Choosing the right words are not a magic bullet for success but doing so can avoid many pitfalls of parish politics that might otherwise doom the effort to introduce chant and polyphony. One can cite the documents of Vatican II, as well as the many papal statements since the Council, in defense of the project, but there is little sense in insisting that such music is the only kind that orthodox Catholicism should ever permit. After all, it is well known that contemporary music, and even raucous rock music, is employed in every diocese in the country, and its defenders can be found in every sector of Catholic opinion. To claim that the Latin repertoire is the only true path to Catholicism is to set oneself up for being refuted by example. 

In any case, the purpose here is not to (in the first instance) to convert people to orthodox Catholicism or persuade people of a historically rooted theological outlook. The goal, at least short term, is to improve the liturgy, period, and every step in that direction should be counted as success. As for the other goals, lex orandi, lex credendi.[5] The belief in the doctrinal infrastructure underneath this music is more likely to be accomplished once the music is in place. Opponents are more likely to be placated and those in the middle won over if one’s agenda is seen as narrow and focused rather than broad and threatening to widely held theological assumptions.
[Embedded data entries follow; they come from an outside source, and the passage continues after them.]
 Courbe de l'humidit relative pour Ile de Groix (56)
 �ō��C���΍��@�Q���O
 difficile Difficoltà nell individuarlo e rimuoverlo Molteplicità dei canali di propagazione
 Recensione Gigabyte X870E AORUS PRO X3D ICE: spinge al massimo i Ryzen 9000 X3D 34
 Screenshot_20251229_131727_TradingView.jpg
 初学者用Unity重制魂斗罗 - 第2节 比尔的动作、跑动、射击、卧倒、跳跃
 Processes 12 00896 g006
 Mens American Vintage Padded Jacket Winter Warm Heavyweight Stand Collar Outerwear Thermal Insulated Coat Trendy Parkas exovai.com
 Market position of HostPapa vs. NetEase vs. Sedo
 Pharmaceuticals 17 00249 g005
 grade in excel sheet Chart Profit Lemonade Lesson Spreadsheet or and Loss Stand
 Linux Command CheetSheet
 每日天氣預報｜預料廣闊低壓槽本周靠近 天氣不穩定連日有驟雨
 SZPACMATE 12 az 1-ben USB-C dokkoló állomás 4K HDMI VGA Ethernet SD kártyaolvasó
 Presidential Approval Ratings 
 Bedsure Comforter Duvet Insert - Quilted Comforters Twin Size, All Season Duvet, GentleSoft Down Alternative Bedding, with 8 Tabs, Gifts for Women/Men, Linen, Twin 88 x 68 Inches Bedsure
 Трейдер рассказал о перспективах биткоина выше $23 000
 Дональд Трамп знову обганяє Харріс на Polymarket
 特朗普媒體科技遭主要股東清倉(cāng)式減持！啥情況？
This brings us to the issue of diversity and tolerance—two watchwords of the current cultural milieu in nearly every Catholic parish in the country. As objectionable as much popular contemporary music may be, it is not going away soon. No matter how much success one has in introducing chant and polyphony, it will continue to exist side by side in most parishes with other styles.

The best approach will be to find one Mass during a weekend Mass schedule that is open to accommodating a different approach. Most likely, this will be the early Mass on Sunday morning, which is typically the one that attracts older people. There is no reason to be in a rush. A polyphony choir or chant group should take any available spot, even if it is a daily Mass. The opportunities for singing in more prominent liturgies will come later.

Five Steps to Chant and Polyphony

No claim is being made that the following blueprint will work in every parish, only that it is one path to making success more likely than failure. There are several factors that can doom chant from the outset . For example, one can have a pastor who is a hard-core opponent of the genre. This is the type who has made himself clear that he will tolerate no Latin and no chant under any circumstances. There is little one can do to get past such dogmatism, but one can at least prepare for the future by laying the necessary groundwork outside the official liturgical structure. Nothing prevents laypeople from establishing singing groups and choosing their own repertoire.

A word of caution, however: do not be quick to conclude that the pastor is a dedicated opponent of traditional music. Such a case would be highly unusual. It is far more likely that he just needs persuading that traditional music is not incompatible with his ministerial responsibilities, from his own point of view or from the point of view of the chancery, which he knows can be put on alert by signs of “reactionary” liturgical trends in any parish. Moreover, from seminary through current-day priest retreats, many priests work within a clerical setting in which old-church practices are relentlessly caricatured and disparaged, while all new practices and trends are praised as pastorally sound and popular with the people. It may be that he has a bias that can be overcome with a carefully crafted demonstration project.

Step One: Sing in Private

The first step toward parish renewal is to quit complaining and start singing. This should begin as an individual project. This step requires a serious sense of purpose and some degree of private study. This is the time to stock up on hymn books and CDs and learn the basic chants of the faith, from the Marian hymns to the major chants of each liturgical season. It is impossible to teach chant to others if one does not know it oneself, and one must know it well enough to sing the full line of music comfortably, and not falter or stutter over the Latin. Even if one goes not further than to take this first step, it provides a spiritual benefit to all Catholics to undertake this private discipline. Do it for the children and grandchildren.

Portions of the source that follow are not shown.